A consultant psychiatrist who paid a long-term patient a €50,000 "settlement" over quality of  care has been censured by the High Court, with conditions attached to his registration.

The consultant was found guilty of professional misconduct by the Medical Council which applied to the High Court for orders confirming the sanctions it sought.

Ms Justice Eileen Creedon made orders under the Medical Practitioners Act confirming the sanction sought by the Medical Council against the psychiatrist. She also continued orders directing neither the doctor nor patient's identity to be reported.

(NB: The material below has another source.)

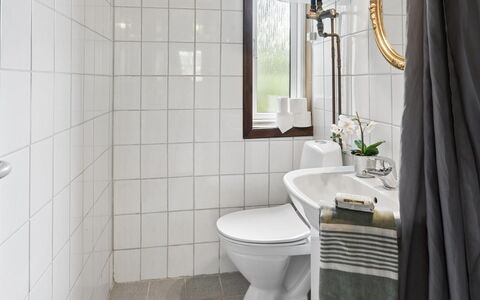 Rietrikki - 1.5Km from the Sea: Bathroom, Interior Design, Toilet Seat, Toilet, Plumbing Fixture, Flooring, Floor, Tile, Plumbing, Sink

Lawyers for the Medical Council said the psychiatrist is on the specialist register and was involved in the patient's care over more than 20 years.

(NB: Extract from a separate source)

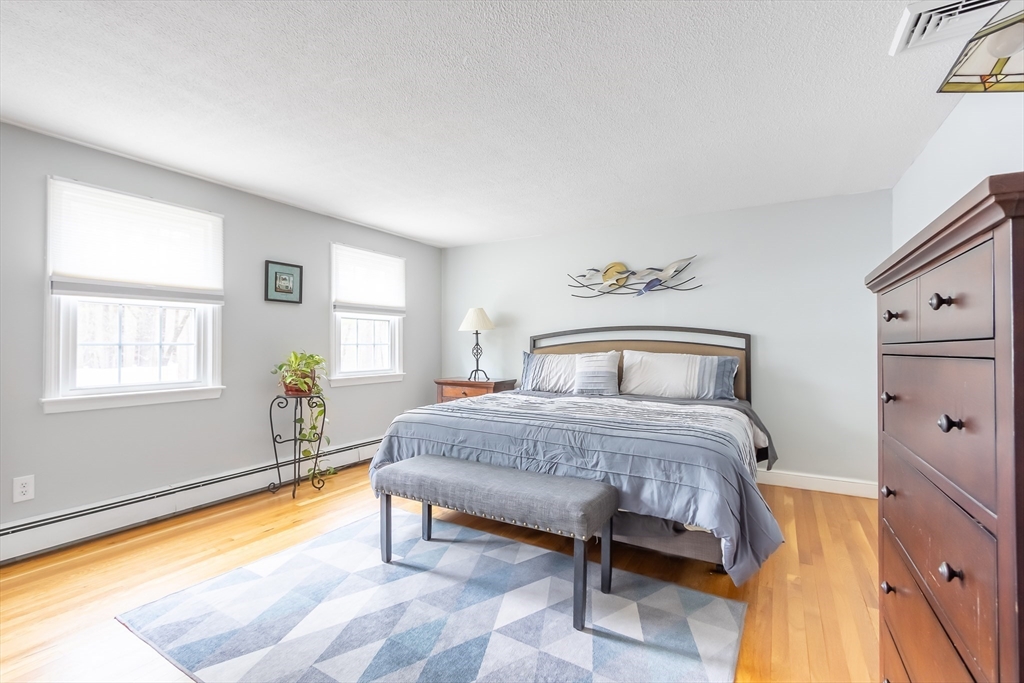 Sudbury, Massachusetts 01776, United States, 4 Bedrooms Bedrooms, ,3 BathroomsBathrooms,Residential,Active,109709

That care involved a number of hospital admissions and some unsuccessful attempts to wean the patient off certain prescribed drugs or to reduce their dosage, he said.

In 2012, more than 10 years after the patient began attending the psychiatrist, there were exchanges between the two over the quality of care provided by him to the patient.  

The psychiatrist wrote a number of letters to the patient that same year explaining he, the psychiatrist,  was suffering from a significant medical condition which was being investigated.

A September 2012 "settlement letter" from the psychiatrist to the patient, signed by both of them, stated the doctor, following a conversation with the patient, had agreed to pay the patient €50,000 in full and final settlement for medical services without admission of liability, Mr McDowell said.

The Medical Council later became aware of the payment and its Fitness to Practice Committee investigated the matter, resulting in findings of professional misconduct against the doctor.

The Committee found the 2012 settlement and payment of €50,000 was inappropriate and amounted to a serious falling short of the standards expected of a medical professional, infringed the professional relationship between doctor and patient and must affect the capacity of a professional to act independently.

The Committee also found the letters from the psychiatrist to his patient amounted to professional misconduct in that he had disclosed matters of a personal nature and failed to maintain appropriate professional boundaries with the patient.

The Medical Council, at a hearing last year, agreed with the Committee's recommendation that the psychiatrist should be censured with conditions attached to his registration.

The doctor did not lodge any appeal and, in those circumstances, the Council sought the confirmation orders from the High Court.